As I related earlier, my second Nike Smoke went into the trees and was lost. Or so I thought (again).

It was intact, descending on parachute with nose cone all attached when it went into the trees after its second flight. I gave it up for lost (as I did for the first one) especially as that night it rained a hurricane and it got a drenching in whatever tree it was in.

Well, again to my surprise, my brother-in-law found it on the ground a couple of days later, sans nose cone and shock cord. How it got down and how the shock cord came away I can't even guess. But there it was.

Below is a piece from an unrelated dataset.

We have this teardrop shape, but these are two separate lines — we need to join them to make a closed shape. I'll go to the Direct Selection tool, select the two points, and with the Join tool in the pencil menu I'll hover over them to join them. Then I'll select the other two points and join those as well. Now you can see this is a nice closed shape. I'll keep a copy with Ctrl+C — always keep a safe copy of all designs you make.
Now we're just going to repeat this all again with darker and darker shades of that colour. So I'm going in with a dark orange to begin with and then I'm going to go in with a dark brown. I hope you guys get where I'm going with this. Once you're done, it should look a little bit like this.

Upon examination, the body looked pretty good, despite the really serious Florida thunderstorm drenching it endured. The back end---the engine mount--feels really heavy as it obviously has absorbed a lot of water and when I stand it on end, water still pours out of it.

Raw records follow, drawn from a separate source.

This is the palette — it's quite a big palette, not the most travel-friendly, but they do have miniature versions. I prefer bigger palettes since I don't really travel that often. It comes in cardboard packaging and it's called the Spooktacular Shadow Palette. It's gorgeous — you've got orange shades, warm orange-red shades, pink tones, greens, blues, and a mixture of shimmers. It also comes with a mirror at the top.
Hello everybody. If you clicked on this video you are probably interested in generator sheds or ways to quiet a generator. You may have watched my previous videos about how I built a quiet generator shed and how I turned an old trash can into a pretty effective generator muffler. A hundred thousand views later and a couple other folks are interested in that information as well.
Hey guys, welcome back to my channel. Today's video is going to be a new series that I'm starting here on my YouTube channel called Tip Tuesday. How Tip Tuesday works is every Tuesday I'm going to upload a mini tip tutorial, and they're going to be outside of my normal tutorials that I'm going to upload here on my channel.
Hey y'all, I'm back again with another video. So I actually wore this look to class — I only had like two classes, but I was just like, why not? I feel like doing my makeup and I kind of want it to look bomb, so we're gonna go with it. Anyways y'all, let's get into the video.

Yet, overall, it looks structurally solid.

So, my plan is to heat dry it out in my garage--it gets Florida hot out there--for a few days to see if that will bake the moisture out of the engine mount area. Also the engine is welded in there at the moment, so once it dries out, I hope to be able to remove it without destroying the body tube.

So, I want to ask---does anyone have experience re-launching a rain-drenched rocket like this? I'm a little concerned that the rear body tube will be weakened by the rain soaking and it will collapse on liftoff.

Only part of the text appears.